==== Supplied material ====

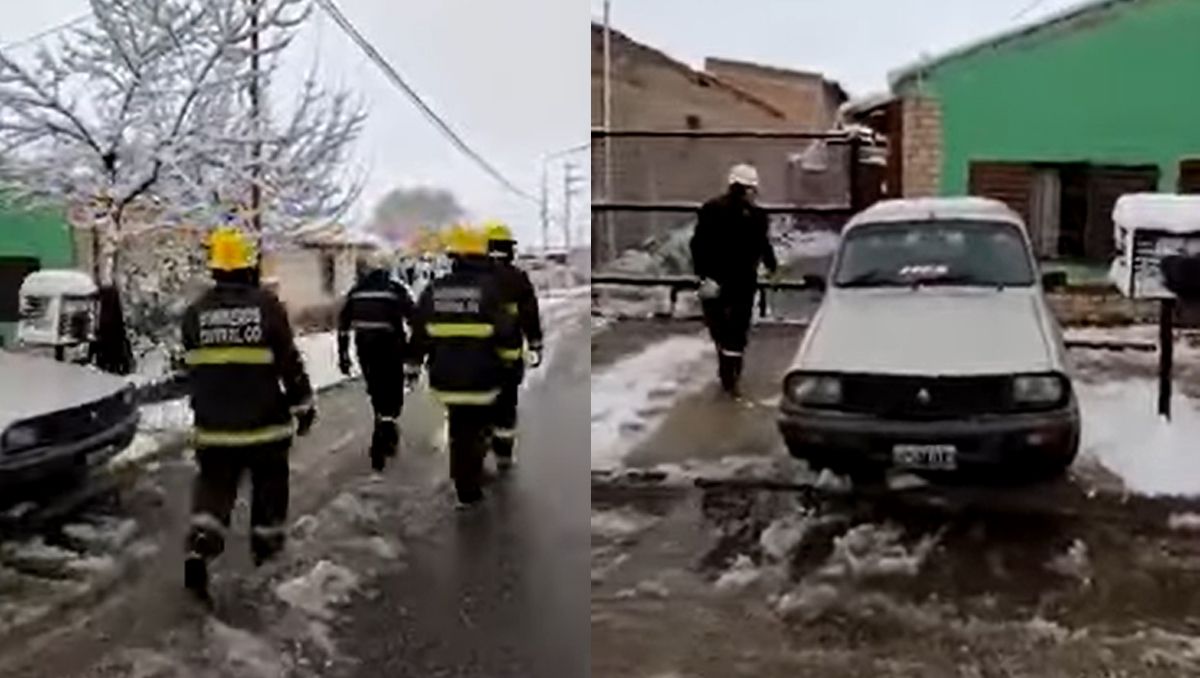 ¡Guerra de nieve! El divertido momento que tuvieron Bomberos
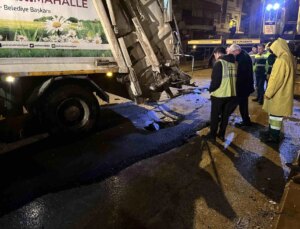 Ankara’da Yağmur Nedeniyle Yol Çöktü, Çöp Kamyonu Askıda Kaldı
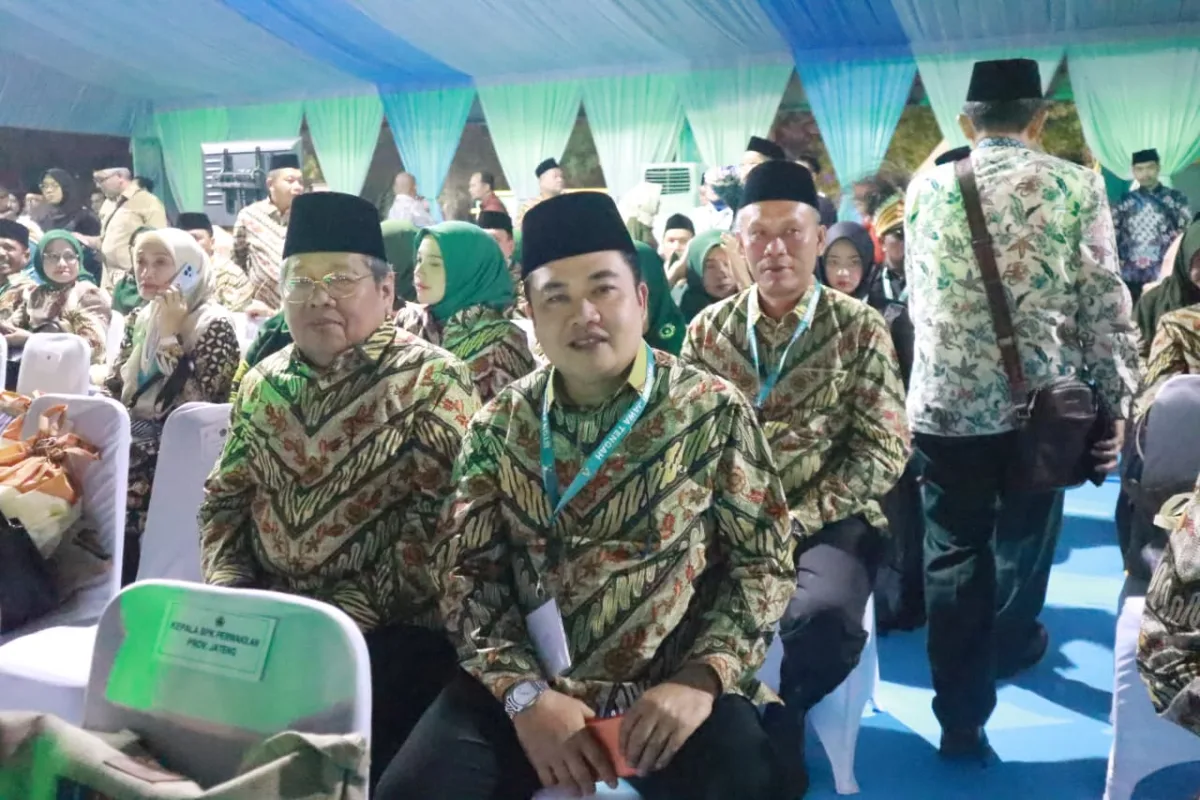 Kakanwil Kemenag Lampung, Zulkarnain, memberi dukungan langsung bagi kafilah MTQ Lampung di Jawa Tengah.(foto: ist)
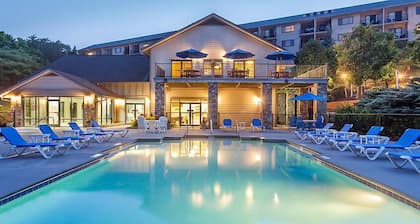 Laurel Crest Vacation Resort in the Smoky Mountains.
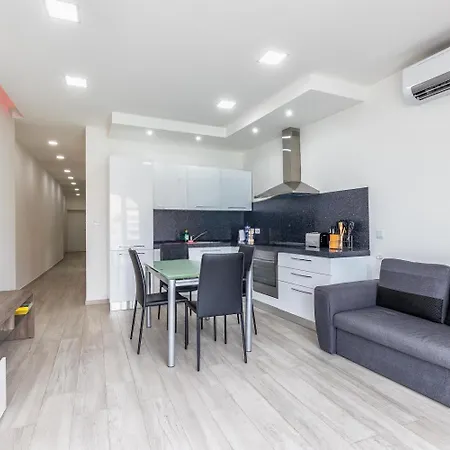 Apartment Seafront Designer Bliss In St Julian's *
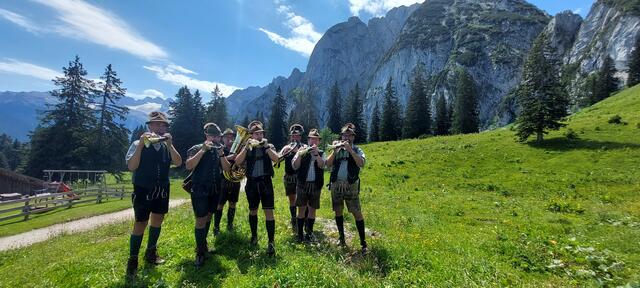 Die Gosauer Jagdhornbläser eröffneten die Alm-Musi-Roas | Foto: Sylvia Schober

====

> What you should do
The final stretch of the data, from the line with "Ankara’da Yağmur Nedeniyle" through its last line, is to be retyped exactly; pictures are not part of the copy.

> Output of the task
 Ankara’da Yağmur Nedeniyle Yol Çöktü, Çöp Kamyonu Askıda Kaldı
 Kakanwil Kemenag Lampung, Zulkarnain, memberi dukungan langsung bagi kafilah MTQ Lampung di Jawa Tengah.(foto: ist)
 Laurel Crest Vacation Resort in the Smoky Mountains.
 Apartment Seafront Designer Bliss In St Julian's *
 Die Gosauer Jagdhornbläser eröffneten die Alm-Musi-Roas | Foto: Sylvia Schober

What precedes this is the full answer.